Şabloneke vitira hewce ye:

{{Grammar:def/indef-case|$1}}

  • def: definite (en)/binavkirî; indef: indefinite (en)/nebinavkirî
  • case (en)/rewş: nominative/navkî, construct/îzafe, oblique/çemandî, vocativ/bangkirin

Mînak:

  • ($1: mê, yekjimar) {{Grammar:indef-construct|sêv}} --> sêveke
  • ($1: nêr, yekjimar) {{Grammar:def-oblique|gund}} --> gundî
  • ($1: nêr, pirjimar) {{Grammar:def-oblique|gund}} --> gundan
  • ($1: nêr, yekjimar) {{Grammar:indef-oblique|gund}} --> gundekî
Pirsgirêk

Zayend û jimara parametreyan ($1, $2, ...) tên zanîn?

Ghybu (talk)17:54, 22 December 2022
Edited by author.
Last edit: 21:09, 22 December 2022

It's a common case in translations that we don't provide the grammatical gender or grammatical number of translated items, along with their translations (the grammatical number may be different from what was in the original source in English).

When they are later reused to compose other messages containign them in a varaible, nothing is transmitted (this does not occur with users' gender which has a specific support, provided that these users have registered a local account with their stored preferences).

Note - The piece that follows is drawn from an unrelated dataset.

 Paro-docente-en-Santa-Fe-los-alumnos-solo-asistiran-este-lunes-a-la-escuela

Similar problem occurs when translated item have some beginings/endings; when they are used to compose other messages in sentences, we may need to contract the surrouding words, possibly remove spaces when the contraction needs to uses an apostrophe (e.G. in French, or Italian, but sometimes as well in english), or even mutate a part of that term given in the value of a parameter.

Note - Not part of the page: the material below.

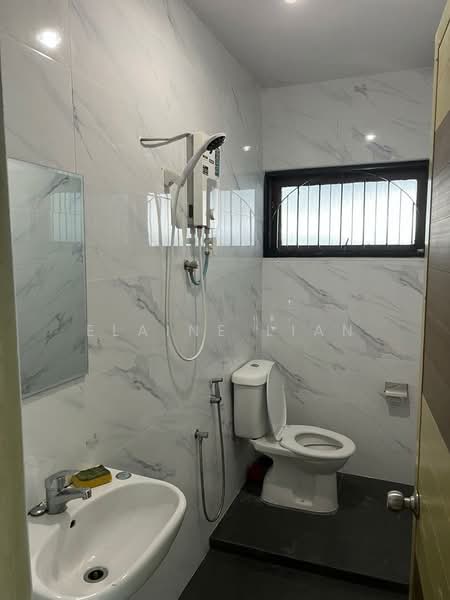 Rumah Teres 2 Tingkat untuk Disewa di Taman Tun Dr Ismail (Kuala Lumpur) - Elaine Lian - Bathroom - PropertyGuru.com.my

More generally we have no way to translate a term not just into another term, but to a term with additional properties (gender, plural, case, initials/finals treated specially), or to a set of contextually selectable variants (that the "GRAMMAR:" parser function could recognize to select or generate the appropriate form). Those additional properties (or specially tagged translations having several contextual alternatives required) are not transmitted: all translated items are currently "opaque". We have no way to add variants or properties that a true linguistic engine would need.

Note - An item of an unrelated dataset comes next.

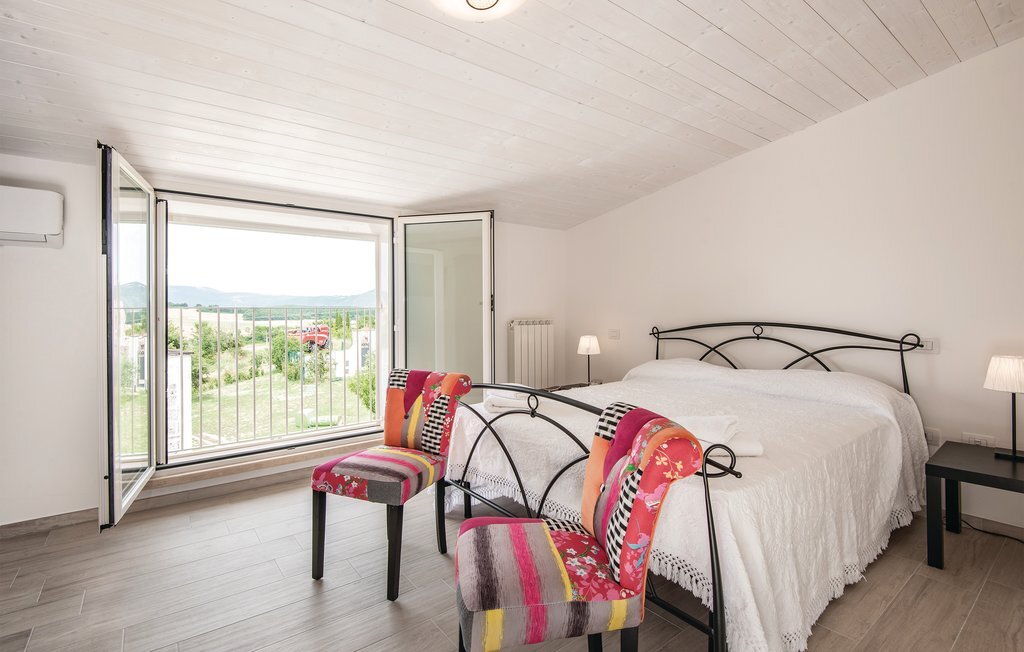 Loft spacieux 7 chambres, piscine et jardin en Ombrie - Photo 21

The assumption that a translation of any term from language A to language B is necessarily unique is false. For now we need instead to ask to each project to add more translations units to be translated separately, hopping that the target software will manage them correctly (this is already the case even for users gender, and even when using numbers wotih plural rules).

A generic solution would be to be able to add, for each translation unit and for each translation language, the possibility to define additional properies or variants, and being able to tag them properly so that they cecome selectionable (the current support with "PLURAL:" and "GENDER:" is too limited, and with "GRAMMAR:" it is often impossible to implement correctly without make false guesses, or using a possibly large dictionnary that will be difficult to maintain).


That's a problem that will be interesting to solve with the future multilingual Wikipedia (with help of new modules in Wikifunctions, or with Lua modules for Scribunto in specific wikis), that will offer such possibility. But that should also be integrated in the "Translate" extension of MediaWiki. For this to work, we need to be able to define suitable "tags" in each language for selectors of variants. The number of tags may be open (not the same from one lanuage to another); these tags exists and are used in some Wiktionnaries for identifying its entries. Such thing has been attempted separately in Wikidata for tagging and identifying the various "forms" that a "lexeme" can take.

And we should send and hear some comments and solutions about this frequent problem to the Unicode CLDR project for internationalization libraries (CLDR has exactly the same problem but proposes no standard solution at all for now; this would require updating some LDML specifications and increase its own data model). For now only Wikidata propose something that will be integrable (but for deployment in applications, they need stability of the "tags" they use, because they won't query Wikidata each time: we need a set of stable tags for each language that can be used to select variants, whereas translated message bundles will possibly contain multiple selectable variants for the same message).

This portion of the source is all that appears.